> _RECORDS FOR PROCESSING_:
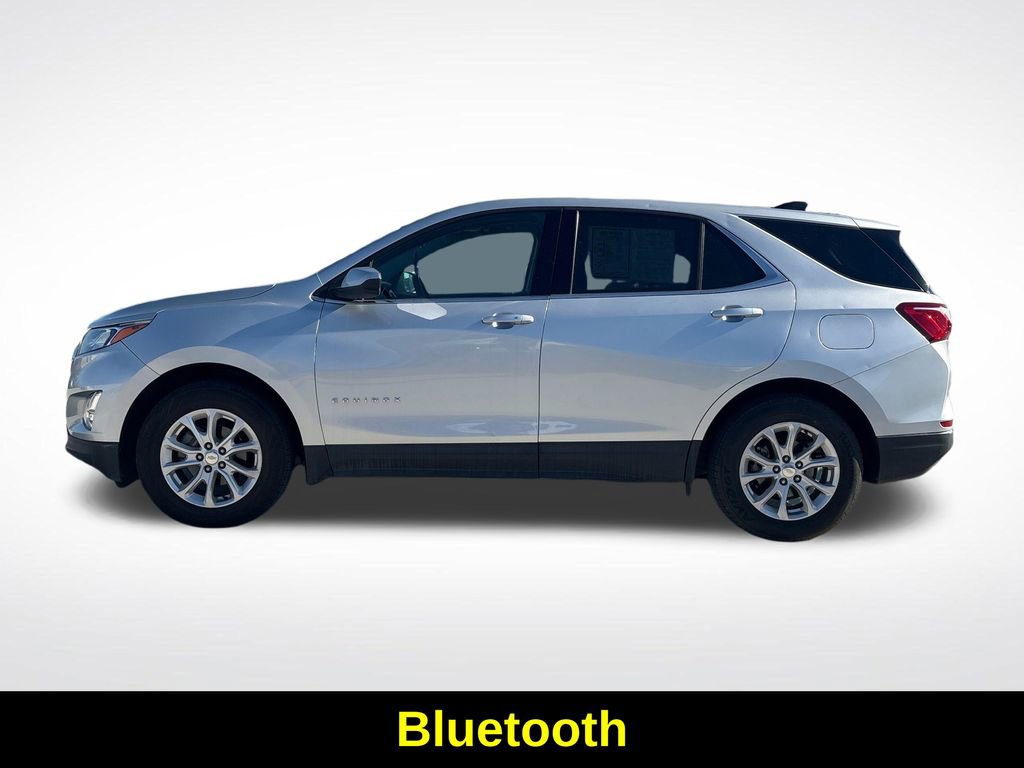 Used 2020 Chevrolet Equinox LT AWD/4WD video 2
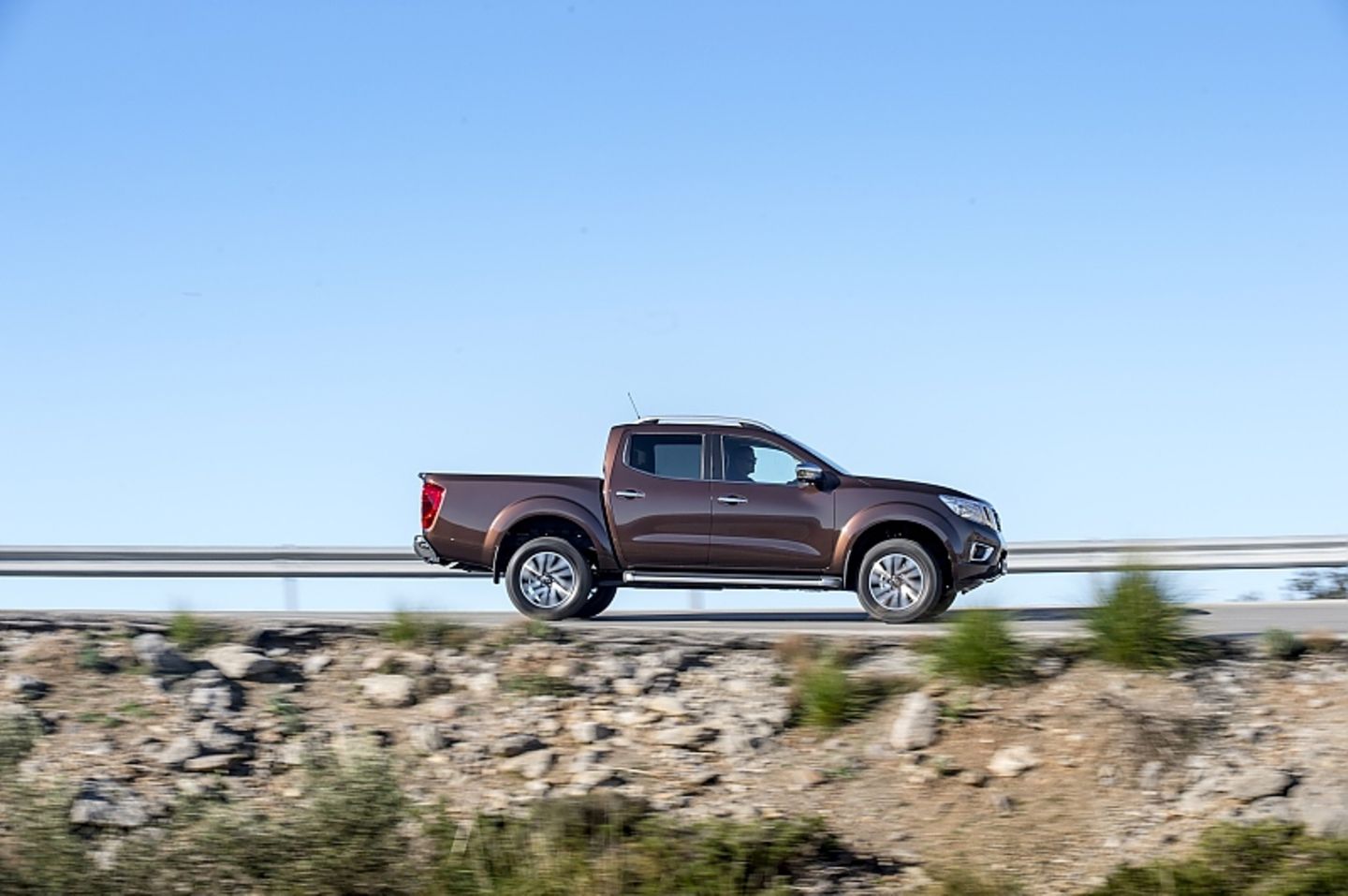 Nissan NP300 Navara DoubleCab (Doppelkabine)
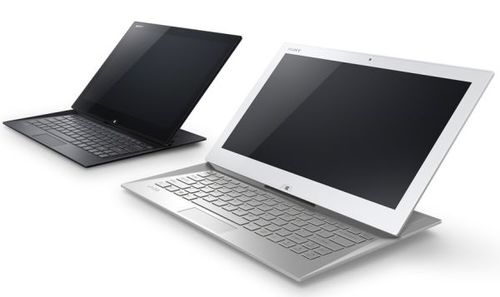 Новый гибридный планшет Sony Vaio Duo 13 под Windows 8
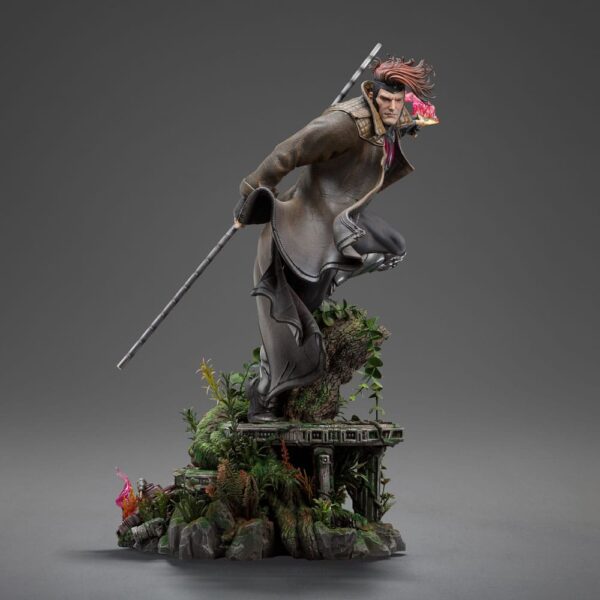 Marvel Legacy Replika Szobor 1/4 Gambit 71 cm Marvel Legacy Replika Szobor 1/4 Gambit 71 cm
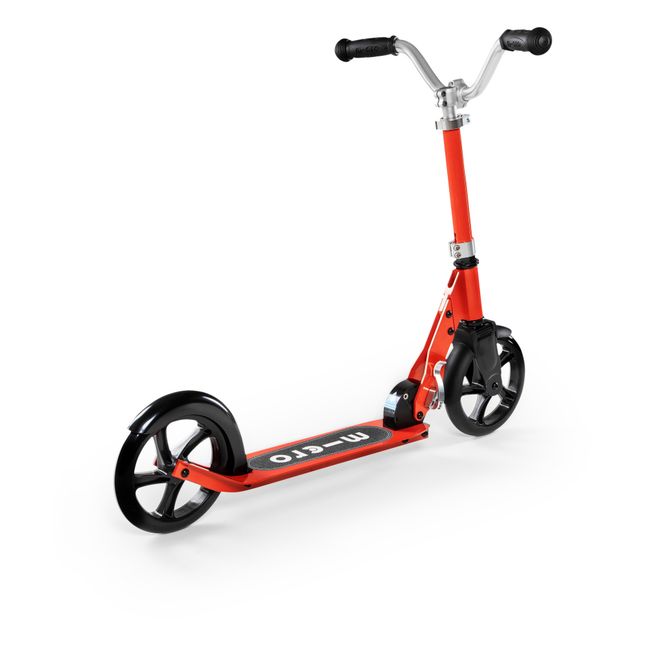 Tretroller Micro Cruiser | Rot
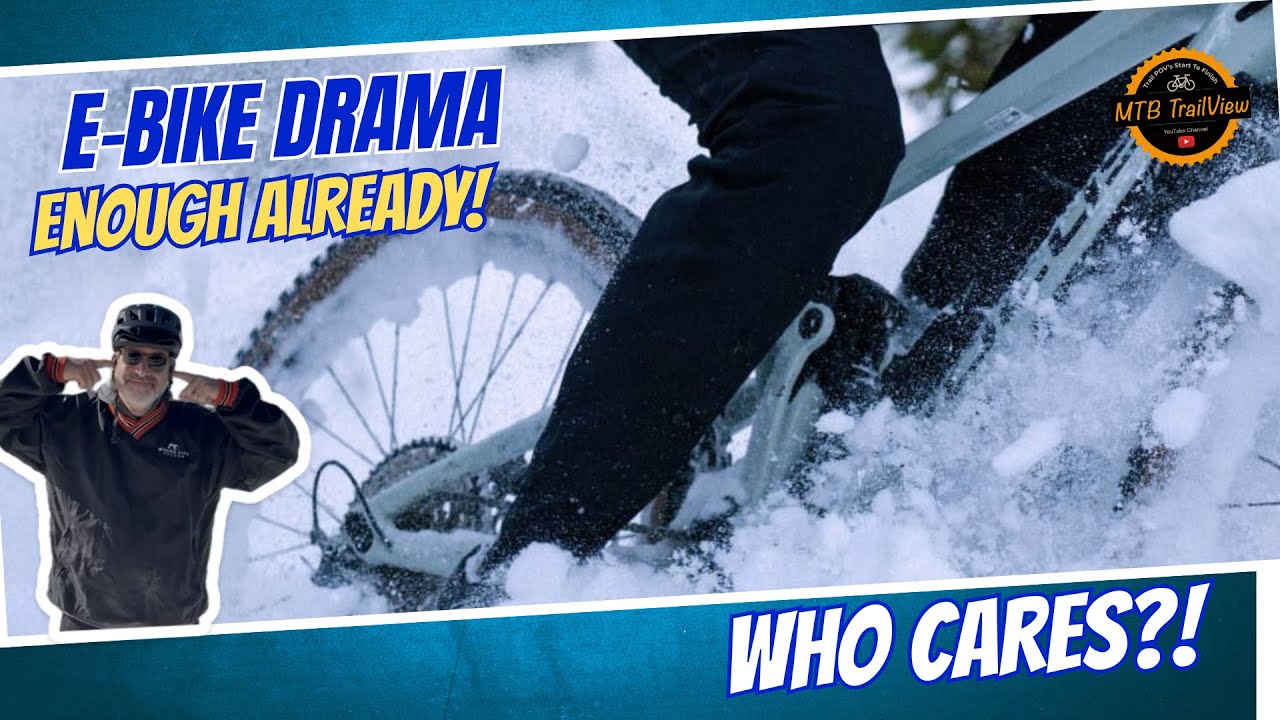 Ride What Works For You!  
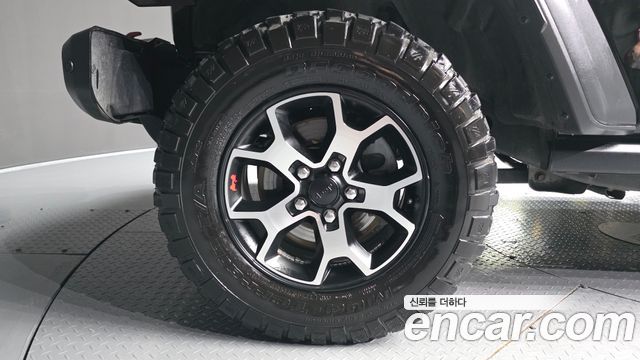 Jeep Wrangler (JL) 2.0 Rubicon 2Door 2020 — фото 5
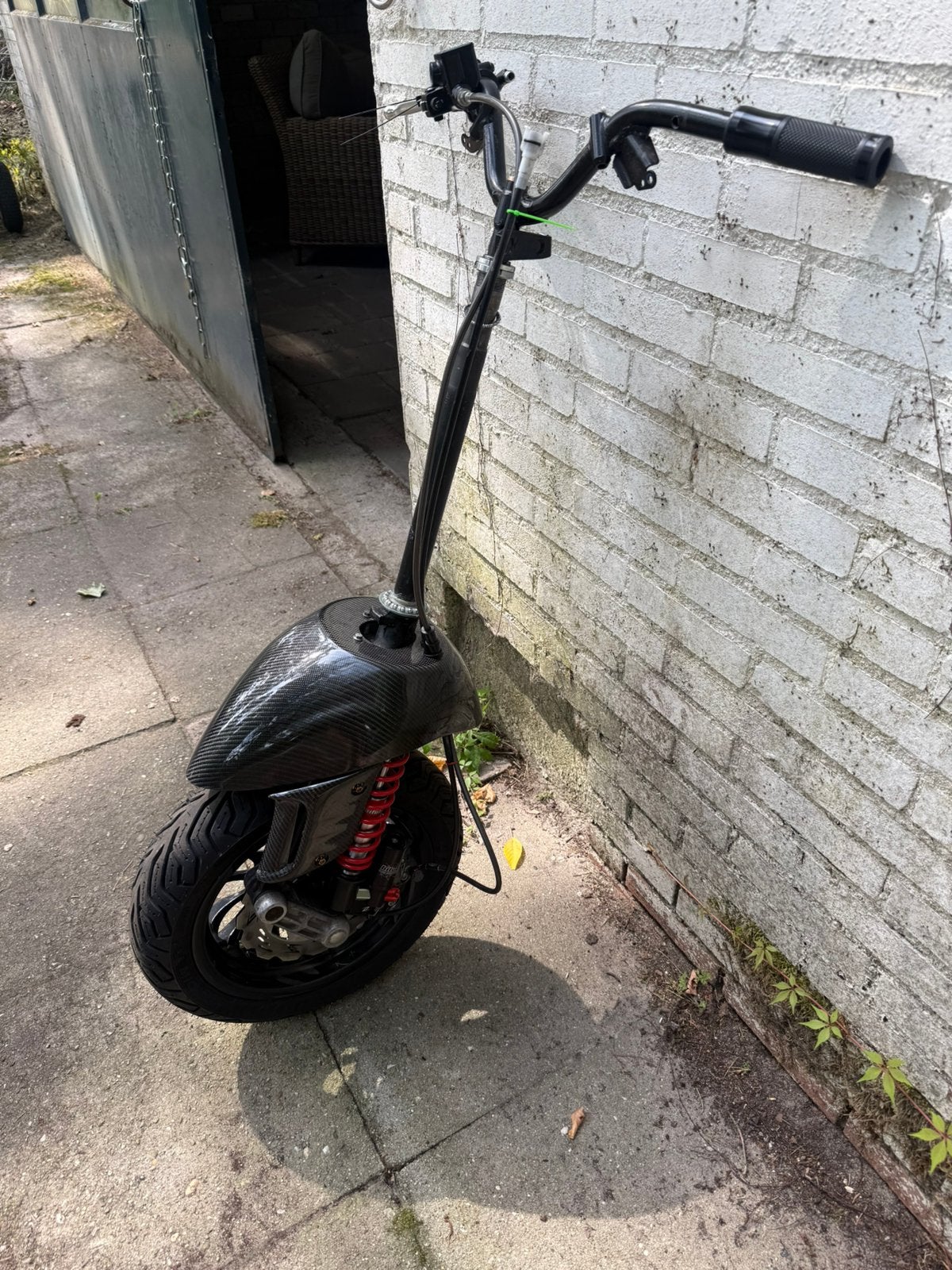 Zip sp voorvork, plug and play, brembo, zelioni, carbon, Ophalen, Nieuw, Overige typen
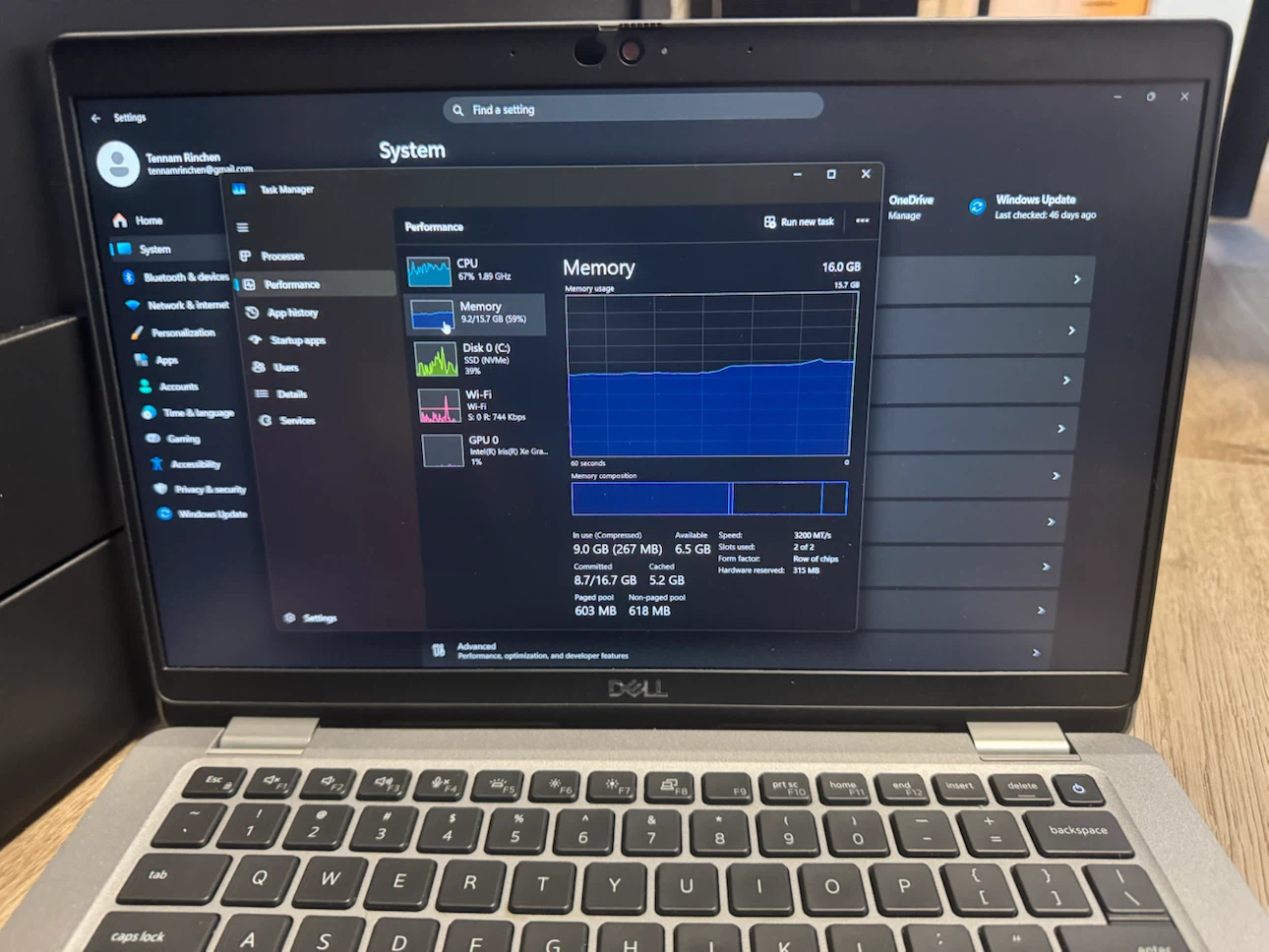 Dell Latitude 5330 - Touchscreen - photo 2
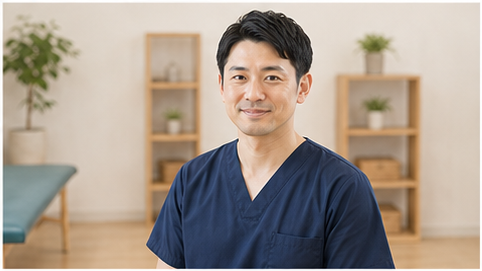 三郷で肩こりに悩む方へ：監修者プロフィール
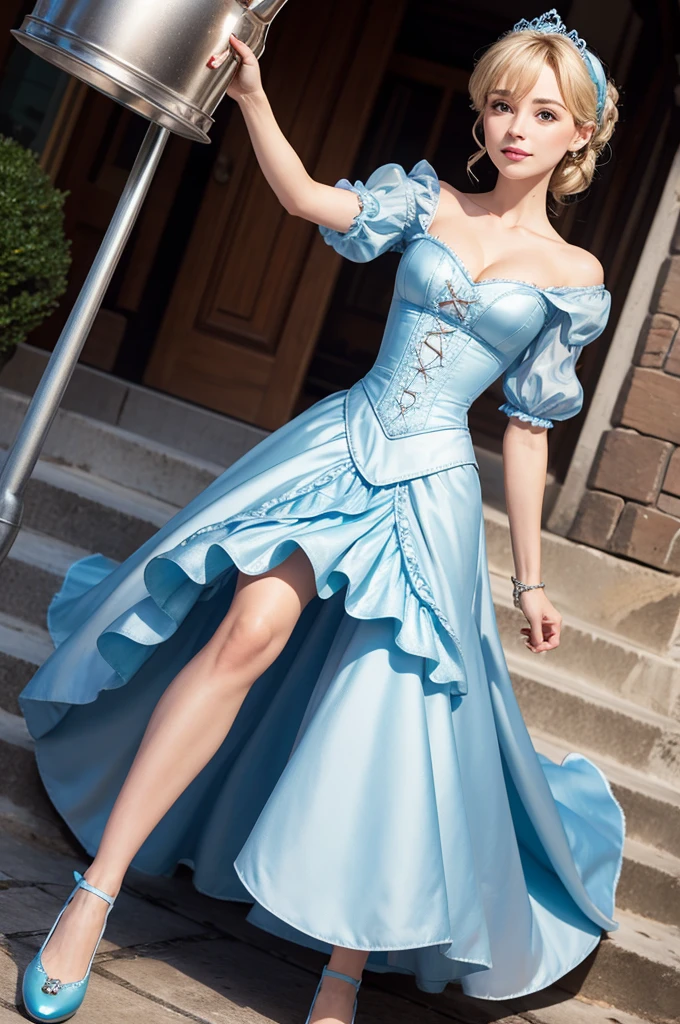 Cinderella chopp 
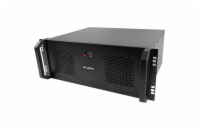 LANBERG rackmount server chassis ATX 350/10 19/4U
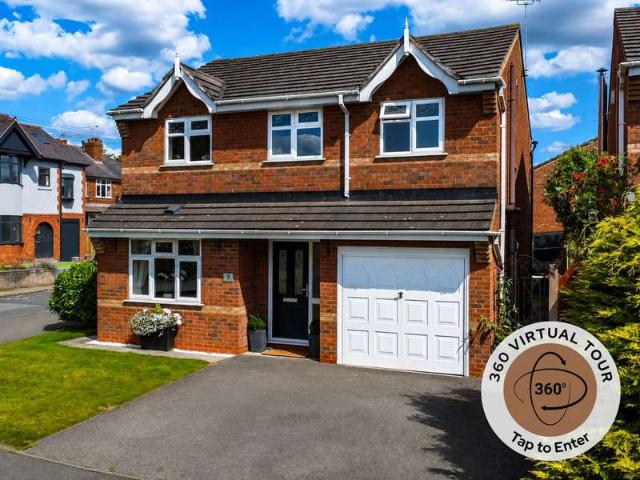 Farm for sale in Sandbach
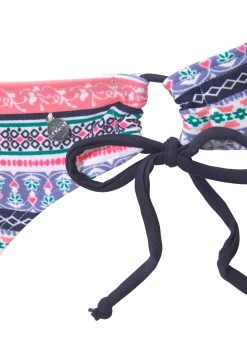 S.Oliver RED LABEL Beachwear Bikinibroekje Barcelona Opzij Te Strikken -Beste Bikini Winkel soliver red label beachwear bikinibroekje barcelona opzij te strikken blauw 3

> _TASK ITEM_: The response should consist of the lines above from the first through the one containing "Jeep Wrangler (JL)", transcribed exactly, with every picture left out.

> _ANSWER TO THE PROBLEM_:
 Used 2020 Chevrolet Equinox LT AWD/4WD video 2
 Nissan NP300 Navara DoubleCab (Doppelkabine)
 Новый гибридный планшет Sony Vaio Duo 13 под Windows 8
 Marvel Legacy Replika Szobor 1/4 Gambit 71 cm Marvel Legacy Replika Szobor 1/4 Gambit 71 cm
 Tretroller Micro Cruiser | Rot
 Ride What Works For You!  
 Jeep Wrangler (JL) 2.0 Rubicon 2Door 2020 — фото 5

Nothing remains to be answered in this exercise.